9 WNI Dibebaskan dari Penculikan Tentara Israel, Kini di Istanbul Menunggu Kepulangan
9 WNI Dibebaskan dari Penculikan Tentara Israel, Kini di Istanbul Menunggu Kepulangan

9 WNI Dibebaskan dari Penculikan Tentara Israel, Kini di Istanbul Menunggu Kepulangan

LintasWarganet.com – 22 Mei 2026 | Sebanyak sembilan Warga Negara Indonesia (WNI) yang sebelumnya diculik oleh pasukan militer Zionis Israel di perairan internasional telah dibebaskan dan kini berada di Istanbul, Turki, menunggu proses kepulangan ke tanah air.
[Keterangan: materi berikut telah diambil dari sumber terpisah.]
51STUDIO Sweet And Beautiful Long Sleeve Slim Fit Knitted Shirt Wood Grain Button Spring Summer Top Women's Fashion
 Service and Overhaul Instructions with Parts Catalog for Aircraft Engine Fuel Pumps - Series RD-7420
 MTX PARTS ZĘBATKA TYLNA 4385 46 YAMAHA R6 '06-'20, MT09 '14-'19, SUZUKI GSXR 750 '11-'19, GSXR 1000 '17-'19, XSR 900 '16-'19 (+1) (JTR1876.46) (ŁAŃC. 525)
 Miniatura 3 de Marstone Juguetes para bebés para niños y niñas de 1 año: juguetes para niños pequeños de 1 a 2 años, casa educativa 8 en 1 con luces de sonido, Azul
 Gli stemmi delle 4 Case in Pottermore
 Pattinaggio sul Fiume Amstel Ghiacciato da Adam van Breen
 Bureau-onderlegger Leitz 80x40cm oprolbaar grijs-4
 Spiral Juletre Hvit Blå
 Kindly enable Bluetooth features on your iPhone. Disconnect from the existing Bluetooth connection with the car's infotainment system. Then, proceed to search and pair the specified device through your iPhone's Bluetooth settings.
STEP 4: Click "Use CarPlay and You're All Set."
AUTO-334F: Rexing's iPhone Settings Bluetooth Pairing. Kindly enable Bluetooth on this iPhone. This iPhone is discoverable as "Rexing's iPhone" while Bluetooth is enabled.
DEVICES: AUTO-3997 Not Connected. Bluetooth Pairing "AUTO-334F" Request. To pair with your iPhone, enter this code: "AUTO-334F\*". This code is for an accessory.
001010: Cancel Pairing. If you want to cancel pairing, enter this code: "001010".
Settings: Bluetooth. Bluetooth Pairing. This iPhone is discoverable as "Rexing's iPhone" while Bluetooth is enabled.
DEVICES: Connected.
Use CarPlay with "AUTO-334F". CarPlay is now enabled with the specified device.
Insiden ini terjadi dalam rangka operasi militer yang disebut “Sumud Flotilla“, yang menimbulkan keprihatinan internasional atas pelanggaran hak asasi manusia.

Rangkaian Peristiwa

  • Penculikan: Pada awal tahun 2023, sembilan warga Indonesia yang sedang berada di kapal kargo di perairan internasional ditangkap secara paksa oleh pasukan Israel. Mereka kemudian dibawa ke kapal perang Israel.
  • Penyiksaan: Selama penahanan, para korban dilaporkan mengalami perlakuan keras, termasuk dipukul, ditendang, dan disetrum listrik sebagai bentuk intimidasi.
  • Pembebasan: Setelah tekanan diplomatik dari pemerintah Indonesia dan organisasi hak asasi manusia internasional, Israel akhirnya memutuskan untuk membebaskan para korban pada bulan Mei 2023.
  • Penempatan di Istanbul: Sebagai langkah sementara, para WNI ditempatkan di fasilitas pengungsian di Istanbul, Turki, untuk mendapatkan perawatan medis dan persiapan kepulangan.

Reaksi Pemerintah Indonesia

Kementerian Luar Negeri Indonesia mengeluarkan pernyataan tegas menuntut pertanggungjawaban Israel atas tindakan penculikan dan penyiksaan. Menteri Luar Negeri menegaskan komitmen pemerintah untuk melindungi warga negara Indonesia di luar negeri dan memastikan proses kepulangan berjalan lancar.

Proses Kepulangan

Tim konsuler Indonesia di Turki bekerja sama dengan otoritas setempat untuk mengatur transportasi kembali para korban ke Indonesia. Pemeriksaan medis sedang dilakukan untuk menilai kondisi kesehatan masing-masing korban sebelum penerbangan.

Para korban diperkirakan akan kembali ke Indonesia dalam beberapa minggu ke depan, dengan rencana kedatangan di Bandara Soekarno‑Hatta, Jakarta. Pemerintah berjanji akan memberikan dukungan medis dan psikologis serta penyelidikan lanjutan terkait insiden ini.